Абдураимов смеялся звонким богатырским смехом во все свое круглое узбекское лицо, зубы блестели, крепкие, как у верблюда, царя пустыни. Абдураимов был чрезвычайно жизнерадостный человек, веселая, широкая, щедрая душа. Он излучал свет такой могучей силы, что при его погружении даже в самый кромешный мрак самой черной бухты к его лицу, сияющему улыбкой сквозь толстое стекло водолазного шлема, как на яркий подводный фонарь, устремлялись стаи рыб со всего залива и мешали ему работать, обступив густой тучей, толкаясь, все лезли целоваться, бурно выражая свою любовь, обезумев от восторга и страстного обожания. Загинайло позавидовал такой жизнерадостности. Сам он, надо признаться, действительно был мрачноватый тип, душа его большую часть времени была погружена во мрак.
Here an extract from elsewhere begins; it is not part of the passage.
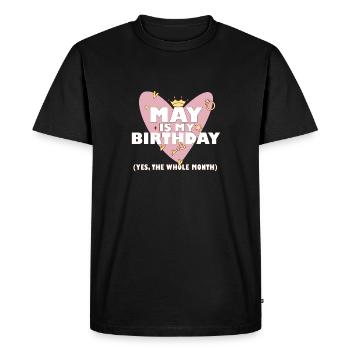 Mai est mon anniversaire Oui Tout le mois Né en mai - T-shirt Premium bio Homme - noir - Devant - Nico (187cm)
Они уж доканчивали вторую бутылку коньяка, когда к их столику подошел в сопровождении официанта (другого, не обладателя рубца на лбу) какой-то человек, одетый в железнодорожную форму: черный мундир с золотыми пуговицами, фуражка с красным верхом, козырек украшен серебряными вензелями. То ли начальник вокзала, то ли швейцар. Официант тоже, как бы железнодорожник, в форме контролера. Галстук, как черный рак, вцепился клешней ему в шею, словно утопленнику, и настолько сильно стиснул горло, что бедняга не мог выговорить ни единого слова. Он, вытаращив налитые кровью глаза, попытался изъясняться задушенным мычаньем, выразительной мимикой и театральными жестами, тыча перстом в золотую пуговицу на пузе подозрительного гуся-начальника.
– Чего он хочет? – попросил разъяснений у Загинайло обескураженный Абдураимов.
– Дай ему в морду разок! – посоветовал Загинайло таким безжалостным голосом, как будто он произнес смертный приговор.
– Нет, так нельзя. Может, человек на чай просит, – возразил добродушно Абдураимов. – Он неожиданно для всех рванул своей страшной рукой золотую пуговицу с пуза начальника вокзала, выдрал с мясом и, протянув ошеломленному официанту, сказал: – На, сынок! Бери, не стесняйся. Честно заслужил.
Начальник вокзала, обретший дар речи, отступив на шаг, обиженно произнес:
– Рашид Мамедович, позвонили из порта, просят срочно прибыть на пятый пирс.
– Чего ж ты сразу не сказал, баранья башка! Теперь пуговицу пришивать обратно! – Абдураимов тяжело поднялся из-за столика.
Опять под лед лезть, – проворчал он. – Сами бы по дну потаскались. Ну их в клапан! Уволюсь. Пойду в детский сад инструктором по водолазному делу.
Абдураимов расплатился, не позволив Загинайло совать свои паршивые гроши, как он выразился. Они вышли наружу. Была уже ночь.